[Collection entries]
______
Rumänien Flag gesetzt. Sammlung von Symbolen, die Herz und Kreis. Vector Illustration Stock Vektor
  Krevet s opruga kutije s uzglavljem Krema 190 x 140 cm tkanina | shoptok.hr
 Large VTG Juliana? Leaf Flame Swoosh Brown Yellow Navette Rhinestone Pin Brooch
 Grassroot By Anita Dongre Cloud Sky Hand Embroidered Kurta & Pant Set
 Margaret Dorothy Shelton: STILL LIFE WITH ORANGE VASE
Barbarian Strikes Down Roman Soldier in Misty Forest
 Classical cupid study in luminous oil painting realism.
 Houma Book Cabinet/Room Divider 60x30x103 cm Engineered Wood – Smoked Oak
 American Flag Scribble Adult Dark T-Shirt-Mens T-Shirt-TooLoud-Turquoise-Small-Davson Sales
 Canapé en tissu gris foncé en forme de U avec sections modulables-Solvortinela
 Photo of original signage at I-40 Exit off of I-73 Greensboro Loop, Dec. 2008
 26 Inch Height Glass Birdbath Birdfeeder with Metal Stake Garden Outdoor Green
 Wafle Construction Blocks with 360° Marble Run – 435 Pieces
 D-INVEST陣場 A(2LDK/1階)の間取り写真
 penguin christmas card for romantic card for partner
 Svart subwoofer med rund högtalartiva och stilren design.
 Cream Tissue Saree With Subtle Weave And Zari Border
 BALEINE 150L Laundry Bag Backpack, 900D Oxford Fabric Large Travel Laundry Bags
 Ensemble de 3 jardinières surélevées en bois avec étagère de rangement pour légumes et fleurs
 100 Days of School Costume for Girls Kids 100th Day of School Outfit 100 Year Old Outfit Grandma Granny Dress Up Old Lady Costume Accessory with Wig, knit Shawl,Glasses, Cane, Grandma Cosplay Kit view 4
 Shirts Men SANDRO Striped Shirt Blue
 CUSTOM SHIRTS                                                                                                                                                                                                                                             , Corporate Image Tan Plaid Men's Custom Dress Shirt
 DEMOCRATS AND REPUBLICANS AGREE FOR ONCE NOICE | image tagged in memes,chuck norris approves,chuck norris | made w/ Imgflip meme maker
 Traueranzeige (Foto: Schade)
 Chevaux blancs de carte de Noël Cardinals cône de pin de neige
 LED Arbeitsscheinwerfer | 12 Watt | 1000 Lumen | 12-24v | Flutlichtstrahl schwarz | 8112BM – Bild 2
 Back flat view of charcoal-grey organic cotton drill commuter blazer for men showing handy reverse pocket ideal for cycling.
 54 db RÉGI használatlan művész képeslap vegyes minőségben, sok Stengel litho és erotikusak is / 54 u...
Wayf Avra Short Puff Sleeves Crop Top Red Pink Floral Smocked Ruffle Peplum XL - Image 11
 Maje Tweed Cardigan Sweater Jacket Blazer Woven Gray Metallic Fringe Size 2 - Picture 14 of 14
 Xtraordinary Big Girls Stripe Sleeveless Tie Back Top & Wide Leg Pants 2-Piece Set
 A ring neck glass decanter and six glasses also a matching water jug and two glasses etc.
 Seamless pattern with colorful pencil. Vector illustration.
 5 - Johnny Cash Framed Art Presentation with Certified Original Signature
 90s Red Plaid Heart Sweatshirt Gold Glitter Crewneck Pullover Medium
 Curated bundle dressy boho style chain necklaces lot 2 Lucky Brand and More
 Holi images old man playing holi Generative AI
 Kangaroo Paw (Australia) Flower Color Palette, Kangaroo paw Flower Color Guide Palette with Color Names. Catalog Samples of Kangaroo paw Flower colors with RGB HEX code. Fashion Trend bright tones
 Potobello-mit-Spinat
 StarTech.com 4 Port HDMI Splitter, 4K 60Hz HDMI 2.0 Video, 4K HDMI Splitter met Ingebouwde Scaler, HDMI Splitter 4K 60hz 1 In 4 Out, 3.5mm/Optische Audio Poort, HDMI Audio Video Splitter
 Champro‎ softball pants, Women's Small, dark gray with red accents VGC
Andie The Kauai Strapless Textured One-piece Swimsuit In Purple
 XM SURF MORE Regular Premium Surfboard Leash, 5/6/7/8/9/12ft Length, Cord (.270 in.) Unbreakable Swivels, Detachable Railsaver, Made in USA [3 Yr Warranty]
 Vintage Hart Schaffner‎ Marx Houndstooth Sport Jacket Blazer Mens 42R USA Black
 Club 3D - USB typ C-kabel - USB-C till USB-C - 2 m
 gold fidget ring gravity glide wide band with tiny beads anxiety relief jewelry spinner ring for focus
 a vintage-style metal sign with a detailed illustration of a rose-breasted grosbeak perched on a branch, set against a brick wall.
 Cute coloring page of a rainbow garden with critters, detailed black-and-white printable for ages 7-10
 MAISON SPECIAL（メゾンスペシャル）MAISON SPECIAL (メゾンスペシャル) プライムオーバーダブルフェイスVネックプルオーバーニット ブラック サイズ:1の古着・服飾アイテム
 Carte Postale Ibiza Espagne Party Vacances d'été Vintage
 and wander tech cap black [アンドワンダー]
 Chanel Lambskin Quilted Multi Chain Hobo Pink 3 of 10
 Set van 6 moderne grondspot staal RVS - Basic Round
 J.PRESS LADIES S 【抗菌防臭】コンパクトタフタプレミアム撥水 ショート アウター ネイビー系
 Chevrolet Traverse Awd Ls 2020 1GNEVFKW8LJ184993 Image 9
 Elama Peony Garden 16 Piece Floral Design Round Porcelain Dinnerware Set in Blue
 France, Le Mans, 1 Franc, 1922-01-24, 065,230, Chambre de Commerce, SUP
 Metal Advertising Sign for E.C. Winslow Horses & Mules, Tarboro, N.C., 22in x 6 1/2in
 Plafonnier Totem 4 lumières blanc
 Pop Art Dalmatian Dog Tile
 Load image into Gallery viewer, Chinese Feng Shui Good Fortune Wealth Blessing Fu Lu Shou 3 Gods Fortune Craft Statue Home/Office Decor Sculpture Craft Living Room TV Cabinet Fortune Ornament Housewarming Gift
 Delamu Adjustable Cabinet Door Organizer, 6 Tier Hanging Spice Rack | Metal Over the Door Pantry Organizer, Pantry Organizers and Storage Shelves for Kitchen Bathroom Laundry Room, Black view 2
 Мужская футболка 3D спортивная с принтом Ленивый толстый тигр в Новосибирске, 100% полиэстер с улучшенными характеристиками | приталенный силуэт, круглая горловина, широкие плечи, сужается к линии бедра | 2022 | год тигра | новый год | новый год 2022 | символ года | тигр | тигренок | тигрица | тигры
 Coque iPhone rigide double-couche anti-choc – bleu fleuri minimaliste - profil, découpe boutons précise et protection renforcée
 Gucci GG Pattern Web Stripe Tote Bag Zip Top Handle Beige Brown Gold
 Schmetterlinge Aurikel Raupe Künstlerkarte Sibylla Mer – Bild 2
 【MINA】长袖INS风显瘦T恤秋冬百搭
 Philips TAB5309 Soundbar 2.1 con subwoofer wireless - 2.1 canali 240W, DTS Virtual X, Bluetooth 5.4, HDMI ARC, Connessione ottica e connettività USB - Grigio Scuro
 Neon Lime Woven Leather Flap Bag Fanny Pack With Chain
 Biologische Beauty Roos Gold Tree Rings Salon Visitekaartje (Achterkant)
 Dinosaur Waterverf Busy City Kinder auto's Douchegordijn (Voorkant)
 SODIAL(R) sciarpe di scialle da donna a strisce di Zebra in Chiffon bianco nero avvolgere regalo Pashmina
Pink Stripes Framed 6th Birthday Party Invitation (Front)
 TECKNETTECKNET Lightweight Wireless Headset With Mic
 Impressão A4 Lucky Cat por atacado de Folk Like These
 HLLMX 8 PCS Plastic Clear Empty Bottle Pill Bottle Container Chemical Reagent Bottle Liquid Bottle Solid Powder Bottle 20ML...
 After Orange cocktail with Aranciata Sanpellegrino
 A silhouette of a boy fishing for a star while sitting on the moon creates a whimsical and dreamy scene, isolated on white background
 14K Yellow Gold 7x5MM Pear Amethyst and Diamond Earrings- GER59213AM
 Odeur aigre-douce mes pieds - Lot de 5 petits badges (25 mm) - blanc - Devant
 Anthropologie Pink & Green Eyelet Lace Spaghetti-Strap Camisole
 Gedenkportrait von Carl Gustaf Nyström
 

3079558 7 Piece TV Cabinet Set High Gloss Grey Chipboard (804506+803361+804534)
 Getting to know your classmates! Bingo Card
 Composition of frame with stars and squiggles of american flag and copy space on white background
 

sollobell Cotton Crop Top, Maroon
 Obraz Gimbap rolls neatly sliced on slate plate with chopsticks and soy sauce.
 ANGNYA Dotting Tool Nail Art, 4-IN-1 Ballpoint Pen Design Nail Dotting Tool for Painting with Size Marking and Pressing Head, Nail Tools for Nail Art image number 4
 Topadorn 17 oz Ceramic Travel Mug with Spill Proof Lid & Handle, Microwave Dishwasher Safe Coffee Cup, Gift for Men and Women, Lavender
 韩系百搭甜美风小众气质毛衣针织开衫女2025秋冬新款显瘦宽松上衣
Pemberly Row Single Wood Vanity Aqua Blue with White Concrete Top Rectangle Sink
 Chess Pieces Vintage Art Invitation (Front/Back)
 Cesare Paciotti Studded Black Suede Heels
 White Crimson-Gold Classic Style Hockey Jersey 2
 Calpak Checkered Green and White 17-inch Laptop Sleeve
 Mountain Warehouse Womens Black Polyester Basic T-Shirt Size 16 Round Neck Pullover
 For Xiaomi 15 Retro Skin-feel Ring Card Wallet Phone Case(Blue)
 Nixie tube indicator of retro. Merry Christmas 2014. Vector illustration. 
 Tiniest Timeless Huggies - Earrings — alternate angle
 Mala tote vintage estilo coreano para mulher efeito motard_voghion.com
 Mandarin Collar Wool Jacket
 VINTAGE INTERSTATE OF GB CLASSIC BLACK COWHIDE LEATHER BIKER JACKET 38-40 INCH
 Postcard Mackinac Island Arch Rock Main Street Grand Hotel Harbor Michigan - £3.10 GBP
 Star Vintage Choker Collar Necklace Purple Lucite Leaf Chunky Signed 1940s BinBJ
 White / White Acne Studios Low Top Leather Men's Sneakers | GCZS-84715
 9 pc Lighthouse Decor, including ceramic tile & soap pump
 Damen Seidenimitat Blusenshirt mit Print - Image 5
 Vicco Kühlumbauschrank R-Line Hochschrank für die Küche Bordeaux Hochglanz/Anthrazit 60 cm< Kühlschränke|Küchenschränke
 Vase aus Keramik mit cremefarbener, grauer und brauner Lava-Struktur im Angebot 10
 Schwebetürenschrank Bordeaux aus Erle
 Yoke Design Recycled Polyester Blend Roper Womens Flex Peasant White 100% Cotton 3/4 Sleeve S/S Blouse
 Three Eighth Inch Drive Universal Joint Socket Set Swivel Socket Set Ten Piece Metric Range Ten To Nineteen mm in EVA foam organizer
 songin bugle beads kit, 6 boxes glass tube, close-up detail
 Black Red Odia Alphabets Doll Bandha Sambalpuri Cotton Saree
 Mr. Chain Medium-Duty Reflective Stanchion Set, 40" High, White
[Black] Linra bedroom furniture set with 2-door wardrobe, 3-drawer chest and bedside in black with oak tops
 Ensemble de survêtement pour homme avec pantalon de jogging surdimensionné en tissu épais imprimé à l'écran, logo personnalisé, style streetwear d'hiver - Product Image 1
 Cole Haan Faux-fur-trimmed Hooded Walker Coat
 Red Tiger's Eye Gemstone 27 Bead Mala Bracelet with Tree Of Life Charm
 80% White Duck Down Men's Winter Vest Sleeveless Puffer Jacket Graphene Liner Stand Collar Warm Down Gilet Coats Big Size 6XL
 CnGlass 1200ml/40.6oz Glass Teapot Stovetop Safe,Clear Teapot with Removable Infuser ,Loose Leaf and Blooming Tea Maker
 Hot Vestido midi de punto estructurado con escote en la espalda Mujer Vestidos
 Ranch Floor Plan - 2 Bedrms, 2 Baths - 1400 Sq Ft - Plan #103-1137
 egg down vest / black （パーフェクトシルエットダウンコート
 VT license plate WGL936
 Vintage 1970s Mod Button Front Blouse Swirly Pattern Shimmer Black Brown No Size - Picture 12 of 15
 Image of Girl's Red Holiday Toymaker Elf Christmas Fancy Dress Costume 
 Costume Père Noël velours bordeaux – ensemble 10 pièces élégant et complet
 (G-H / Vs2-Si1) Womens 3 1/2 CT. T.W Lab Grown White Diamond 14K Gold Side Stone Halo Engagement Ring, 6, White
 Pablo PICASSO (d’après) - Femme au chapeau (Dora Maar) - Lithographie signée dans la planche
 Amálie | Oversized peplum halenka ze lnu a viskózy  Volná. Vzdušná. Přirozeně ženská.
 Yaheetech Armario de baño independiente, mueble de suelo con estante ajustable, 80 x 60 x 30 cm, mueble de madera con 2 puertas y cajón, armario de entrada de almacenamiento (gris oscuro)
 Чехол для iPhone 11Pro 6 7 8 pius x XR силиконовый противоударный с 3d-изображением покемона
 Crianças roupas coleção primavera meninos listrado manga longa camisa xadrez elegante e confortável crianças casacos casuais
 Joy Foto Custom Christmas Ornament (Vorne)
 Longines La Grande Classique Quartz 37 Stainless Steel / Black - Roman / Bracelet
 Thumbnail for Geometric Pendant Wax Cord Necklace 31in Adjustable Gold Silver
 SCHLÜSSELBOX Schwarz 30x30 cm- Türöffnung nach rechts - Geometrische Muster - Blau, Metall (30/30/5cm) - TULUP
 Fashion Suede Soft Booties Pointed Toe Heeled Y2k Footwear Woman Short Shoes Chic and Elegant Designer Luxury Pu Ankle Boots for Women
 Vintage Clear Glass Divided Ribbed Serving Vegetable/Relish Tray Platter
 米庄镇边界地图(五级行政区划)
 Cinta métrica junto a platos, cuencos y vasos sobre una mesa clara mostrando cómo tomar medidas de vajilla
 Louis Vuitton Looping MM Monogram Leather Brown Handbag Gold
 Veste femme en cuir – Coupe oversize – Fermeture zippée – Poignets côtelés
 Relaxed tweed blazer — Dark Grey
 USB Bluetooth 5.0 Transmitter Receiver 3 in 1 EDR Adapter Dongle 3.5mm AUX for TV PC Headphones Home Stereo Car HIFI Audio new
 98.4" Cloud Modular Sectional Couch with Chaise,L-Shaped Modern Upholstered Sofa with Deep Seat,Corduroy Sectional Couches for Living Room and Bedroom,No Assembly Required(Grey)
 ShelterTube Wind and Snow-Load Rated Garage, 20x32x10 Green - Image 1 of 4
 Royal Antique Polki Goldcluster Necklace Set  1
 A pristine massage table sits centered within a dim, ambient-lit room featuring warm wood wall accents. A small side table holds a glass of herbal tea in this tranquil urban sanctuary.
______
Problem:
Go through the data and gather every line that holds "Bluetooth".

Task answer:
 Philips TAB5309 Soundbar 2.1 con subwoofer wireless - 2.1 canali 240W, DTS Virtual X, Bluetooth 5.4, HDMI ARC, Connessione ottica e connettività USB - Grigio Scuro
 USB Bluetooth 5.0 Transmitter Receiver 3 in 1 EDR Adapter Dongle 3.5mm AUX for TV PC Headphones Home Stereo Car HIFI Audio new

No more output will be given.